UMass CICS Machine Learning Retrospective (2021)

University of Massachusetts

Manning College of Information and Computer Sciences

Machine Learning Retrospective, 2021

With 2021 drawing to a close, we would like to take a moment to recognize the wealth of machine learning research produced by the UMass Manning College of Information and Computer Sciences (CICS).
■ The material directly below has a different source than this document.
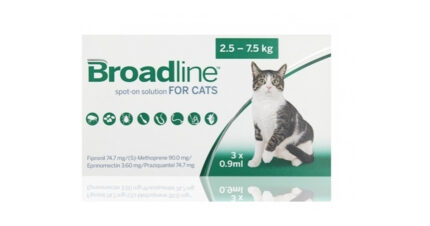 Broadline For Cats 2.5-7.5kg - ยาหยอดหลัง ป้องกันเห็บ หมัด ขี้เรื้อนและถ่ายพยาธิสำหรับแมวน้ำหนัก 2.5-7.5kg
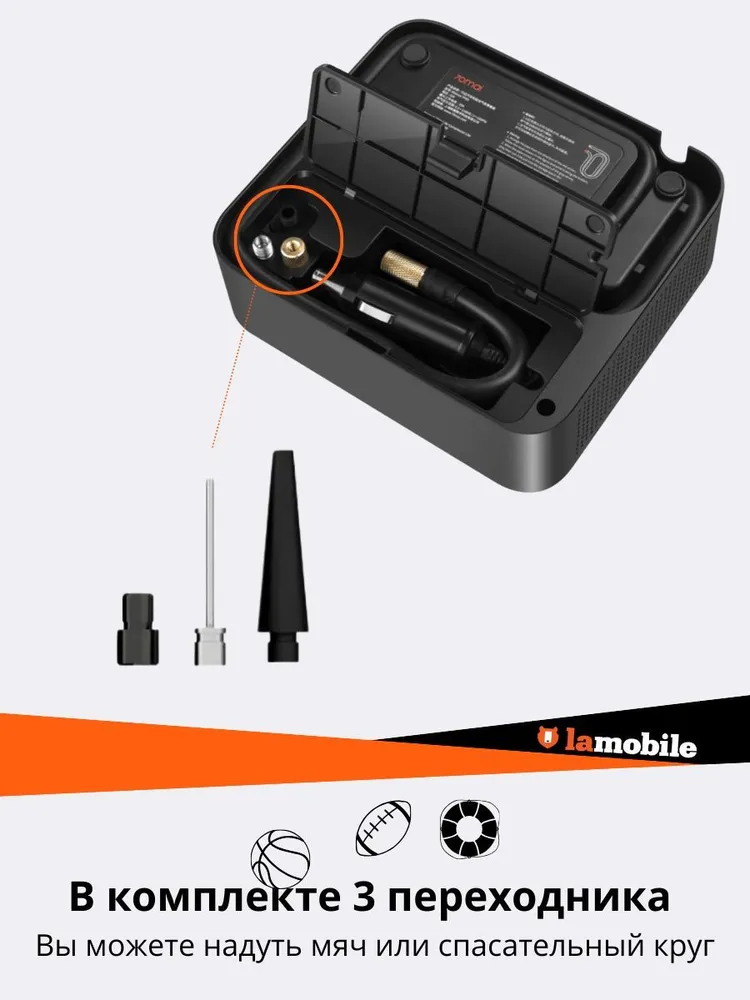 Компрессор автомобильный 70mai Air Compressor Lite Midrive TP03 (насос), вариант, фото 6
This retrospective provides a brief summary of many (not all) of the machine learning papers published by students and/or faculty in CICS. You can browse papers by their name in the index below, or can just scroll through to get a sense for all of the work that we are doing!

Index

[AISTATS 2021] RealMVP: A Change of Variables Method For Rectangular Matrix-Vector Products.
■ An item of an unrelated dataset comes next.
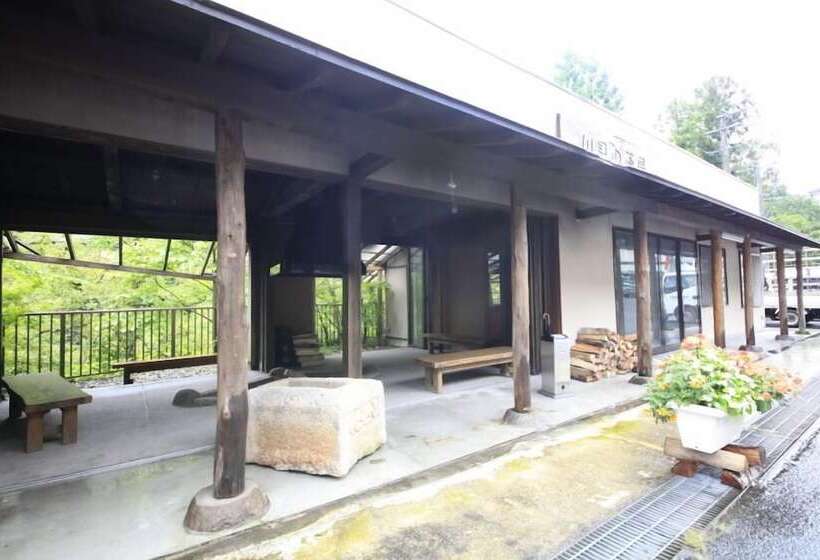 Отель Sakunami Onsen Yuzukushi Salon Ichinobo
[ICML 2021] High Confidence Generalization for Reinforcement Learning.

[ICML 2021] On the Difficulty of Unbiased Alpha Divergence Minimization.

[ICML 2021] Posterior Value Functions: Hindsight Baselines for Policy Gradient Methods.

[ICML 2021] Towards Practical Mean Bounds for Small Samples.

[ICML 2021] How and Why to Use Experimental Data to Evaluate Methods for Observational Causal Inference.

[ICML 2021] DeepWalking Backwards: From Node Embeddings Back to Graphs.

[ICML 2021] Faster Kernel Matrix Algebra via Density Estimation.

[NeurIPS 2021] Structural Credit Assignment in Neural Networks using Reinforcement Learning.

[NeurIPS 2021] Universal Off-Policy Evaluation.

[NeurIPS 2021] SOPE: Spectrum of Off-Policy Estimators.

[NeurIPS 2021] MCMC Variational Inference via Uncorrected Hamiltonian Annealing.

[NeurIPS 2021] Amortized Variational Inference for Simple Hierarchical Models.

[NeurIPS 2021] Relaxed Marginal Consistency for Differentially Private Query Answering.

[NeurIPS 2021] Pareto-Optimal Learning-Augmented Algorithms for Online Conversion Problems.

[NeurIPS 2021] Cooperative Stochastic Bandits with Asynchronous Agents and Constrained Feedback.

[NeurIPS 2021] Turing Completeness of Bounded-Precision Recurrent Neural Networks.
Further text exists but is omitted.